BEGIN Source data
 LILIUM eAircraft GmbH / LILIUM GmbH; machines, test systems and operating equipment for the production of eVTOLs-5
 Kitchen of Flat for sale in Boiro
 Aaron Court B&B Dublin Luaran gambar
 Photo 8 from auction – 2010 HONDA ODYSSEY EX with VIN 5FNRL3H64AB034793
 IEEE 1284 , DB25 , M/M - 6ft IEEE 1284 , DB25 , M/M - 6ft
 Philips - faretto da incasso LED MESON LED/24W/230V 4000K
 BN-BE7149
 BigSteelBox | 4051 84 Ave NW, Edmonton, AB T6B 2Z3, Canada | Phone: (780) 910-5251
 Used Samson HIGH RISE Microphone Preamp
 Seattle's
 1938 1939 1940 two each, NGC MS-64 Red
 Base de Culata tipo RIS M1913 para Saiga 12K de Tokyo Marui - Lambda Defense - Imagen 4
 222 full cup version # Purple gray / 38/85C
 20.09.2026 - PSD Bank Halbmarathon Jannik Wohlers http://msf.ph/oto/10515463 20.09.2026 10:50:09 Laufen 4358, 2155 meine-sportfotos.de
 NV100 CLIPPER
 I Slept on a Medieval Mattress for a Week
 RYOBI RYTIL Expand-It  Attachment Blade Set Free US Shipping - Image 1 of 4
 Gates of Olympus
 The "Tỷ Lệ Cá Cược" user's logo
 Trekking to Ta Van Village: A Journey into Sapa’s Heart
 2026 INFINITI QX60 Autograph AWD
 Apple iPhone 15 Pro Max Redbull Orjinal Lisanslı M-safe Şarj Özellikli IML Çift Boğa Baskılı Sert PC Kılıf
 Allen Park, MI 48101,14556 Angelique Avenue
END Source data
### Activity
Retype the data. Keep every word as it stands.

### Exercise response
 LILIUM eAircraft GmbH / LILIUM GmbH; machines, test systems and operating equipment for the production of eVTOLs-5
 Kitchen of Flat for sale in Boiro
 Aaron Court B&B Dublin Luaran gambar
 Photo 8 from auction – 2010 HONDA ODYSSEY EX with VIN 5FNRL3H64AB034793
 IEEE 1284 , DB25 , M/M - 6ft IEEE 1284 , DB25 , M/M - 6ft
 Philips - faretto da incasso LED MESON LED/24W/230V 4000K
 BN-BE7149
 BigSteelBox | 4051 84 Ave NW, Edmonton, AB T6B 2Z3, Canada | Phone: (780) 910-5251
 Used Samson HIGH RISE Microphone Preamp
 Seattle's
 1938 1939 1940 two each, NGC MS-64 Red
 Base de Culata tipo RIS M1913 para Saiga 12K de Tokyo Marui - Lambda Defense - Imagen 4
 222 full cup version # Purple gray / 38/85C
 20.09.2026 - PSD Bank Halbmarathon Jannik Wohlers http://msf.ph/oto/10515463 20.09.2026 10:50:09 Laufen 4358, 2155 meine-sportfotos.de
 NV100 CLIPPER
 I Slept on a Medieval Mattress for a Week
 RYOBI RYTIL Expand-It  Attachment Blade Set Free US Shipping - Image 1 of 4
 Gates of Olympus
 The "Tỷ Lệ Cá Cược" user's logo
 Trekking to Ta Van Village: A Journey into Sapa’s Heart
 2026 INFINITI QX60 Autograph AWD
 Apple iPhone 15 Pro Max Redbull Orjinal Lisanslı M-safe Şarj Özellikli IML Çift Boğa Baskılı Sert PC Kılıf
 Allen Park, MI 48101,14556 Angelique Avenue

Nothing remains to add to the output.